JAKARTA, INSERTRAKYAT.com– Mahkamah Agung (MA) telah mengabulkan kasasi yang diajukan Jaksa Penuntut Umum (JPU) Kejaksaan Negeri Pandeglang terhadap terdakwa kasus perdagangan ilegal cula badak jawa, Liem Hoo Kwan Willy alias Willy. Putusan kasasi ini merupakan upaya perlindungan satwa liar, khususnya spesies langka dan endemik di Indonesia.
Dalam amar putusannya, Majelis Hakim MA yang dipimpin oleh Prof. Dr. Yanto, S.H., M.H. menyatakan Willy terbukti bersalah melakukan tindak pidana terkait perdagangan satwa yang dilindungi. Hakim menjatuhkan hukuman penjara selama satu tahun dan denda sebesar Rp 100 juta subsider tiga bulan kurungan. Willy dinyatakan melanggar Pasal 21 Ayat (2) huruf d Undang-Undang No. 5 Tahun 1990 tentang Konservasi Sumber Daya Alam Hayati dan Ekosistemnya.

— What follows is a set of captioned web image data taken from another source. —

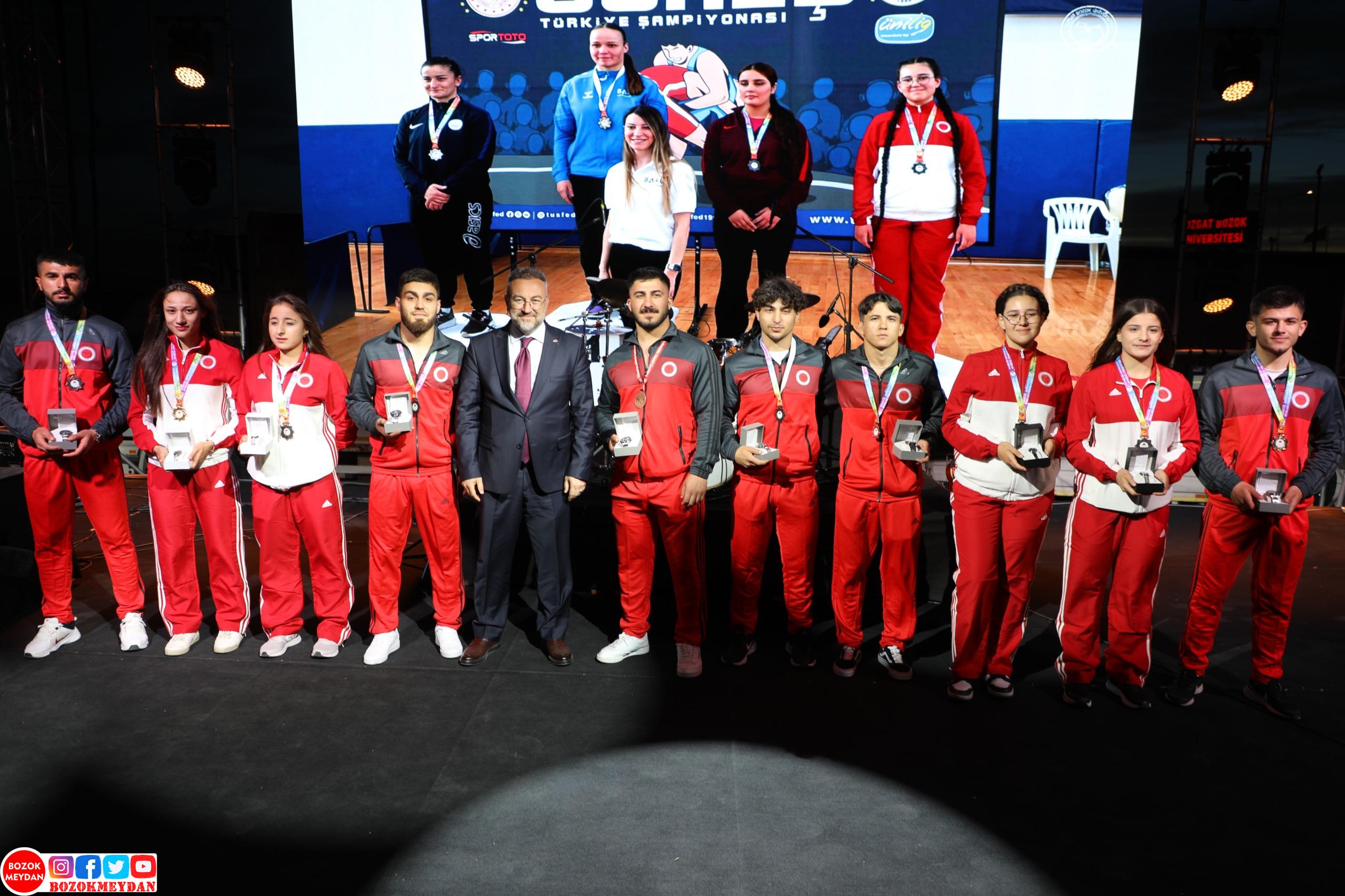 BOZOKLU SPORCULARA REKTÖR’DEN TEBRİK VE ÖDÜL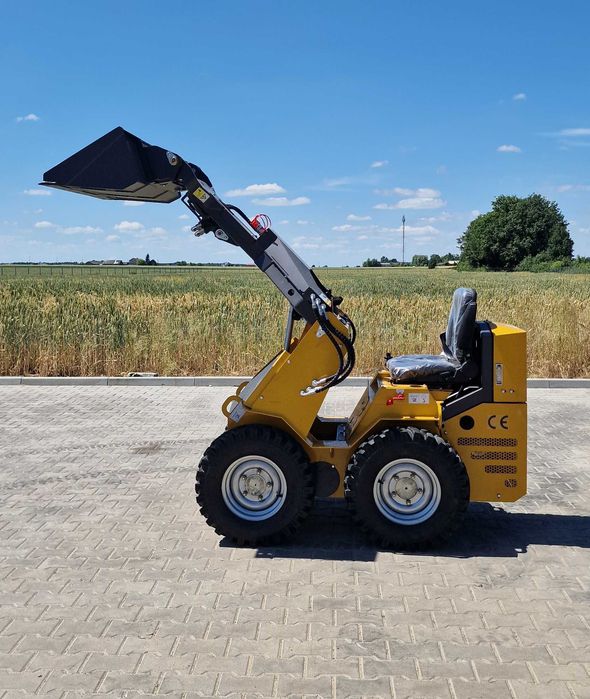 Miniładowarka ładowarka kołowa STARKWOL VTH-360Z Briggs&Stratton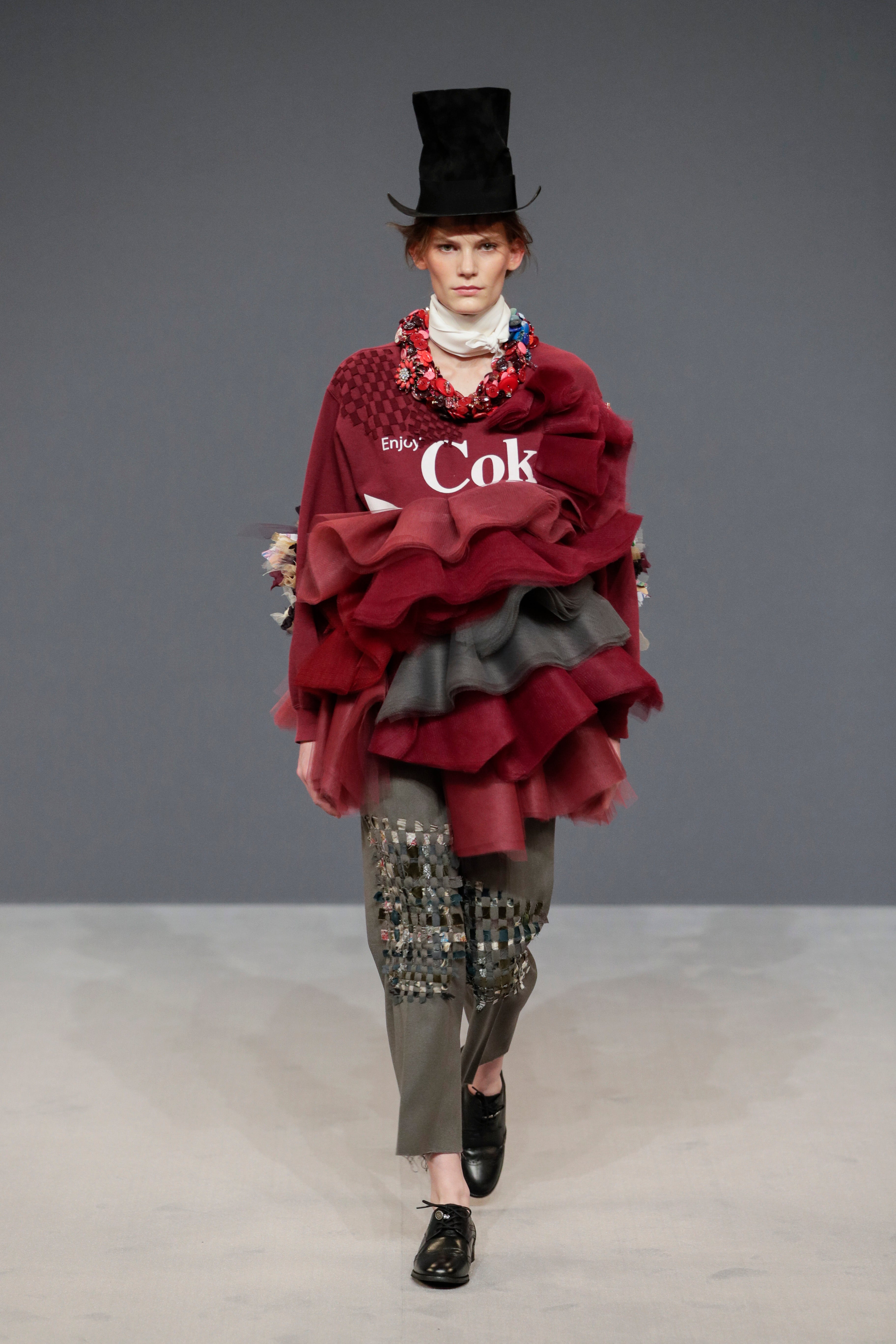 VIKTOR&ROLF スラックス 44 イタリア製 ウールモヘア 高級 美品 Haute Couture Lookbook AW16 | Viktor&Rolf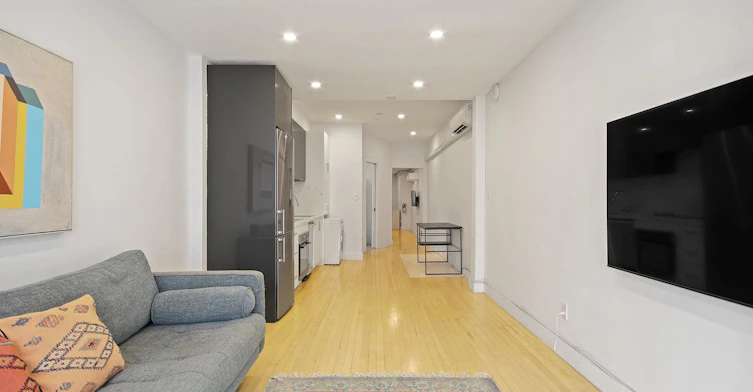 Upper-1048 Queen Street W, Toronto, ON, M6J 1H7 - 8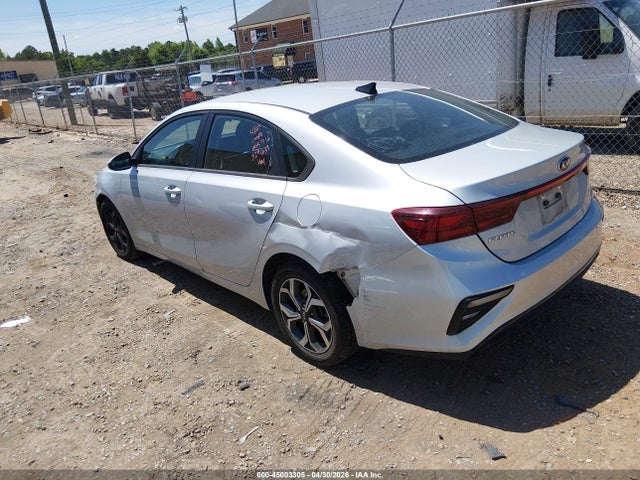 45003305 :رقم المزاد ، 3KPF24AD2ME329633 vin ، 2021 Kia Forte Lxs مزاد بيع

Sebelumnya, dalam sidang tingkat pertama di Pengadilan Negeri Pandeglang, Willy dinyatakan bebas dengan alasan tidak cukup bukti. Namun, keputusan tersebut mendapat perhatian publik dan aktivis lingkungan karena dinilai tidak mencerminkan komitmen perlindungan terhadap satwa langka. Keputusan MA ini kemudian menjadi koreksi terhadap vonis tersebut.
Dalam wawancaranya, Prof. Yanto menyatakan bahwa perlindungan terhadap hewan endemik, seperti badak jawa, tidak semata-mata soal penerapan hukum positif, melainkan menyangkut tanggung jawab moral dan keberlanjutan ekosistem.
“Melestarikan badak jawa berarti menjaga keseimbangan ekologis yang sangat penting bagi kehidupan manusia. Putusan ini kami ambil tidak hanya berdasar fakta hukum, tapi juga atas pertimbangan filosofis dan etis,” ujar Prof. Yanto.
Badak jawa (Rhinoceros sondaicus) merupakan salah satu spesies paling langka di dunia. Populasinya kini diperkirakan hanya tersisa sekitar 80 ekor yang hidup di alam liar, khususnya di kawasan Taman Nasional Ujung Kulon, Banten. Perburuan dan perdagangan ilegal menjadi ancaman utama keberadaan spesies ini.
Direktur Konservasi Satwa dan Habitat Kementerian Lingkungan Hidup dan Kehutanan (KLHK), dalam keterangannya menyebut, perdagangan bagian tubuh badak, terutama cula, masih marak terjadi dan melibatkan jaringan internasional.
“Kasus Willy menjadi contoh nyata bahwa ancaman terhadap satwa dilindungi bukan isapan jempol. Kami mengapresiasi MA yang telah mengambil langkah tegas,” ujarnya.
Sementara itu, aktivis konservasi dan Ketua Umum IMO-Indonesia, Yakub F. Ismail, menyebut bahwa keputusan MA ini menjadi preseden penting dalam penegakan hukum lingkungan di Indonesia.
“Putusan ini mengirimkan pesan kuat bahwa negara hadir melindungi warisan alamnya. Hakim tidak hanya bertugas menegakkan hukum, tapi juga menjadi penjaga nurani ekologis bangsa,” kata Yakub kepada Insertrakyat.com.Kamis (5/6/2025).
Yakub menambahkan, Hari Lingkungan Hidup Sedunia yang jatuh pada awal Juni ini menjadi momentum tepat untuk merefleksikan kembali komitmen negara dalam menjaga kekayaan biodiversitas.
Sebagai negara yang termasuk dalam kategori megadiverse country, Indonesia memiliki tanggung jawab besar terhadap kelestarian satwa dan ekosistem. Letak geografis yang strategis, ditambah keberagaman ekosistem dari hutan hujan hingga pegunungan tropis, menjadikan Indonesia rumah bagi banyak spesies unik yang tidak ditemukan di tempat lain.
Namun, kemajuan dalam konservasi tidak akan berarti tanpa penegakan hukum yang tegas terhadap para pelaku kejahatan lingkungan.
Kendati demikian sidang tersebut berlangsung pada 28 April 2025.